Learning about this data as a classroom teacher, I adjusted my teaching for students in the 8th Grade (Year 3 of the MYP programme) to assist them to handle reading levels with differentiated non-fiction text for classroom discipline reading. These interventions have continued in my instructional technologist role as I advise faculty to use a diversity of reading levels in their differentiated instruction and have accommodated assistive technology (in the form of readers and digital annotation tools) for students. This artifact became a great instructional tool to me personally as the data helped to better inform me about places to focus on for student teaching and learning the needed improvement from these testing outcomes.

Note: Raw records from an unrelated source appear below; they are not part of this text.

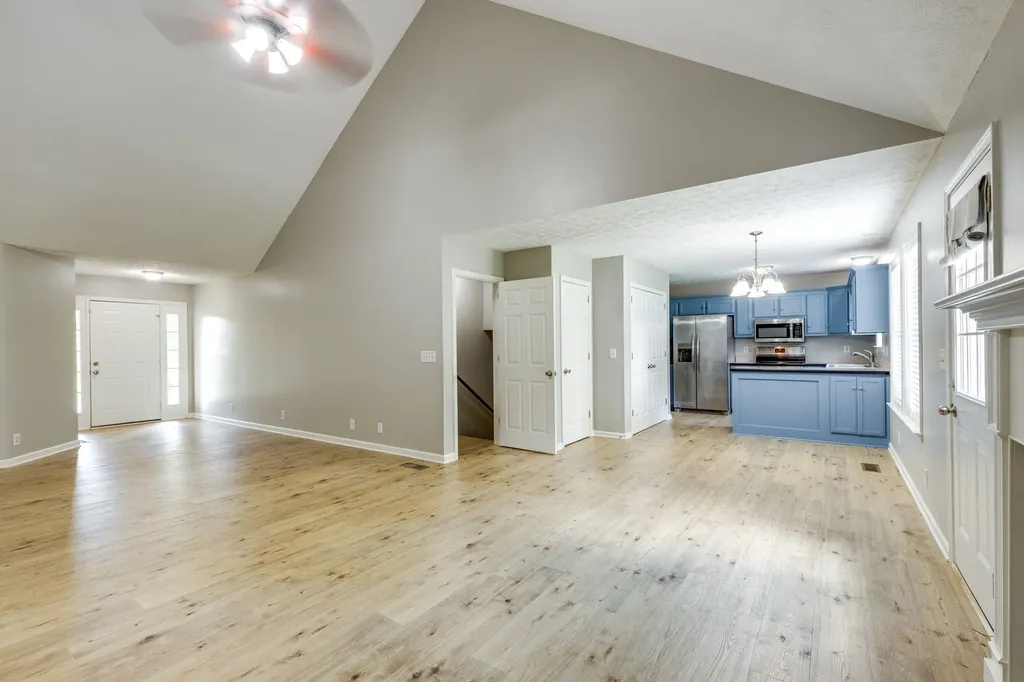 125 Grant Court Portland TN 37148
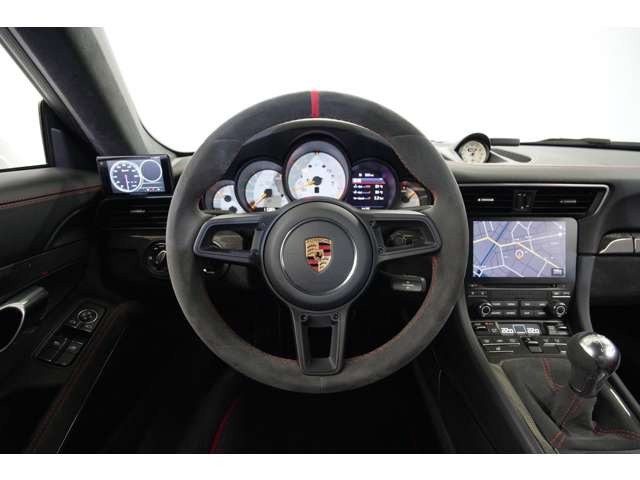 【ご遠方のお客様】弊社では全国各地からお問合せを頂戴しており、毎月全体のご契約の約2〜3割はリモート契約となります。お車の状態や特に気になる点はご連絡頂ければお電話メールにてお伝えさせて頂きます。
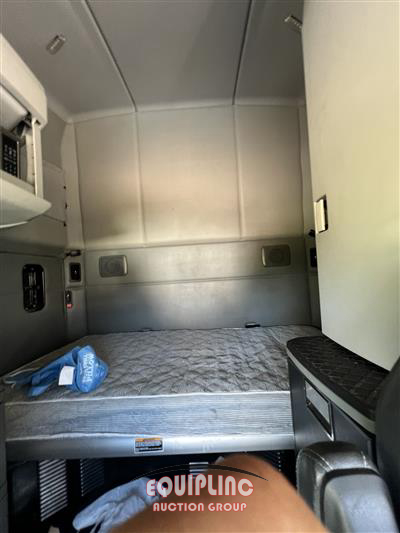 2021 Kenworth T680 6X4 T/A SLEEPER TRUCK TRA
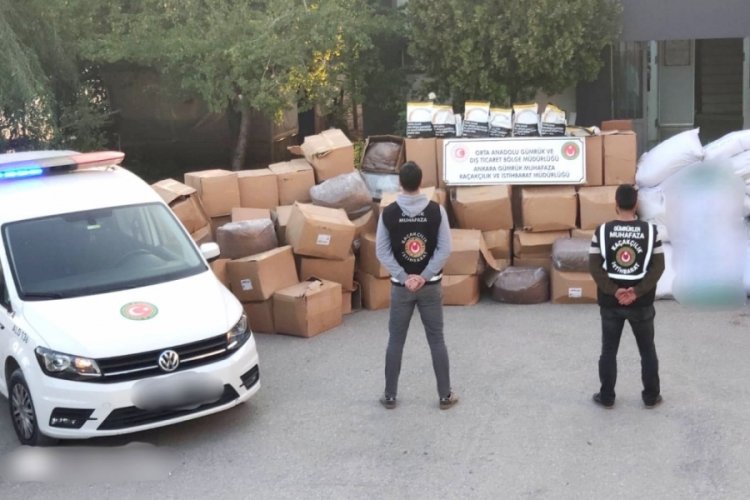 Ankara'da 3 milyon lira değerinde 3 ton ka&ccedil;ak t&uuml;t&uuml;n ele ge&ccedil;irildi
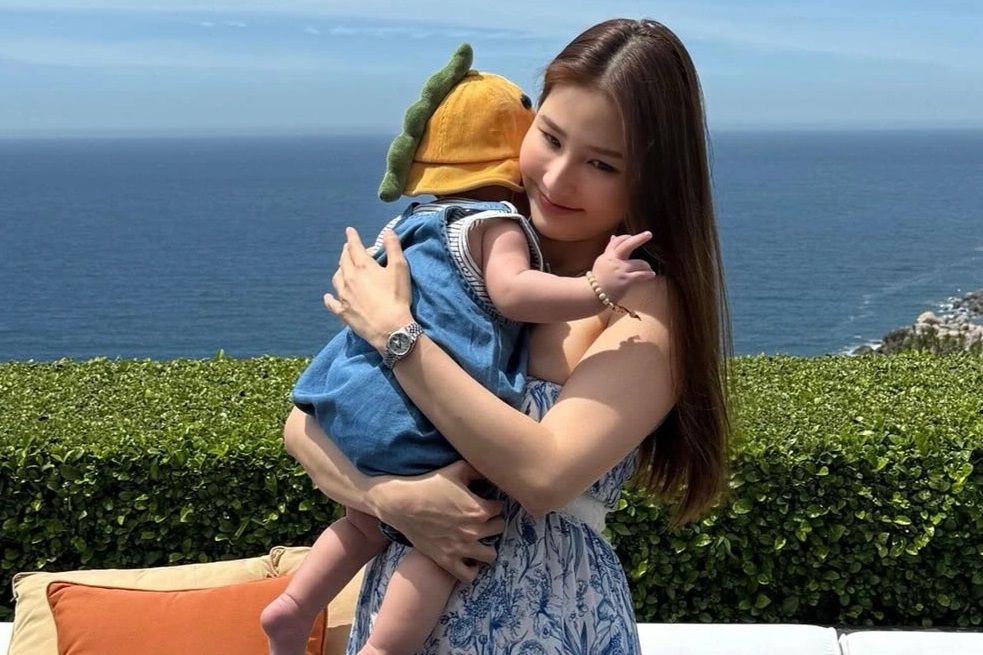 Mỹ nhân Việt được cầu hôn trên khinh khí cầu hé lộ hôn nhân sau 2 năm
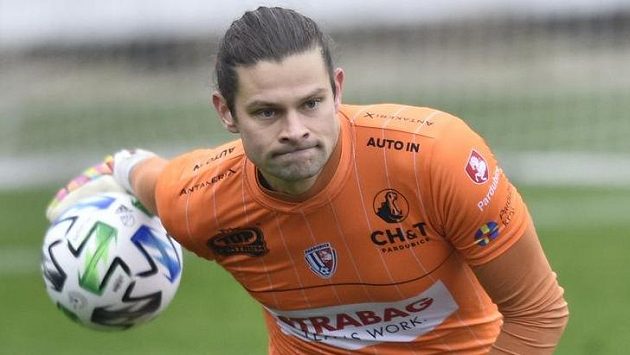 Brankář Pardubic Marek Boháč. Brankář Pardubic Marek Boháč.
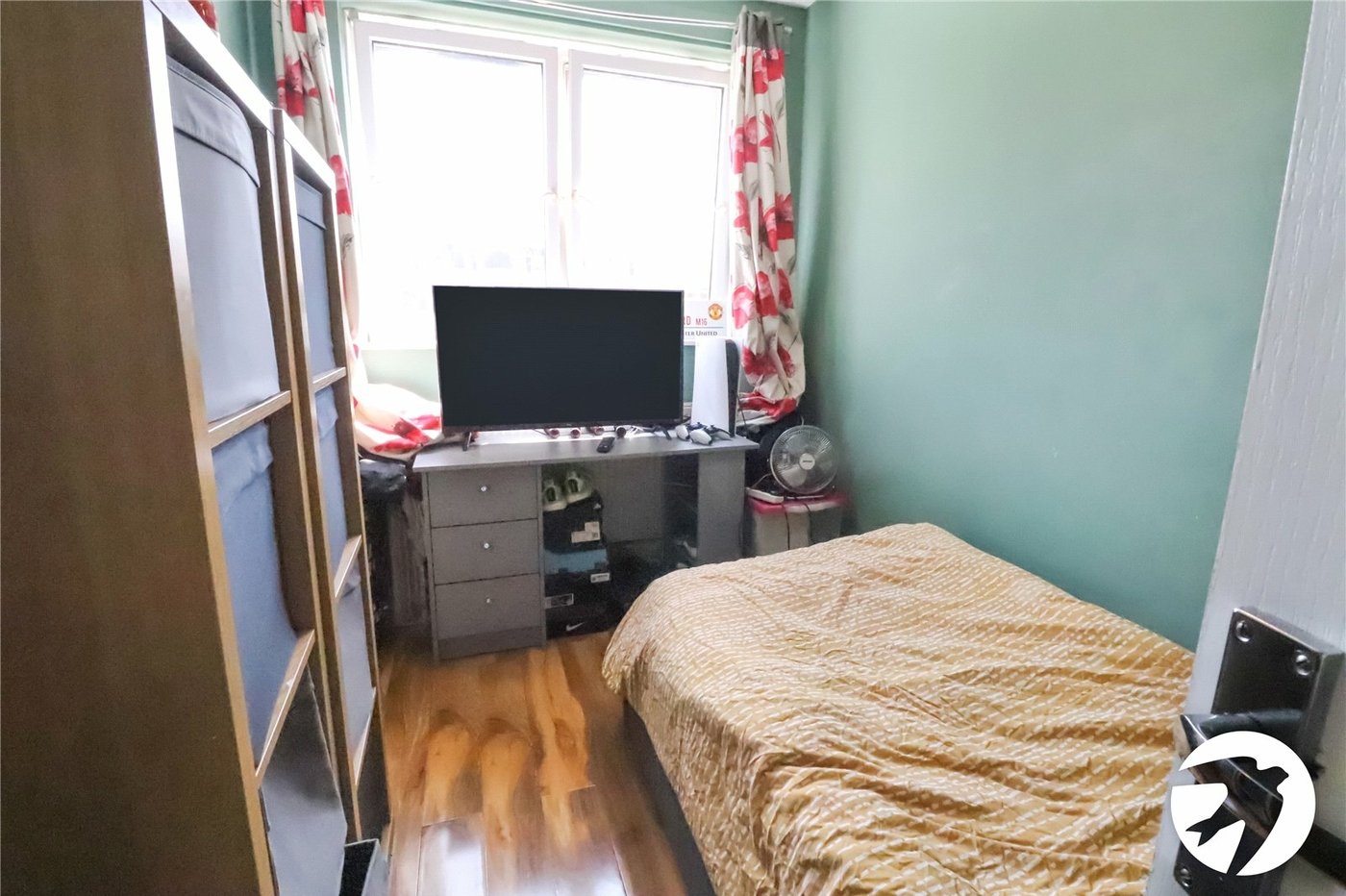 3 bedroom property for sale in London | Robinson Jackson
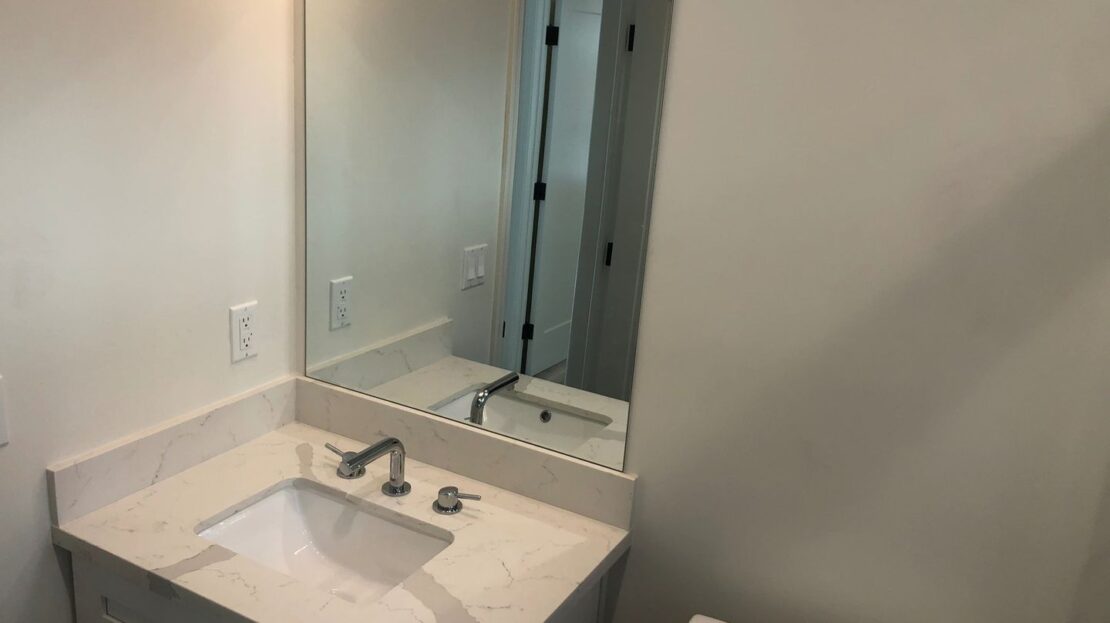 2127 S Sycamore - Los Angeles - California - 3 bed, 2 bath rental property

In future, should this opportunity arise again, I would broadcast the content of my findings to the wider faculty at one of the Professional Development opportunities as currently these big data are not analyzed (to my knowledge) in a whole school way to inform teaching and learning at Atlanta International School. I certainly believe that my response to learning about this method of data collection and analysis helped school and student improvement on a small and very siloed subject discipline in 8th Grade (MYP Year 3) Geography in school years 2013 – 2014. However, I instructed forty of the ninety students from the original test cohort (although three of those students were new to 8th Grade) and observed that due to the deliberate differentiation of non-fiction readings delivered to them over a semester, criterion reference levels in MYP pertaining to reading comprehension did improve.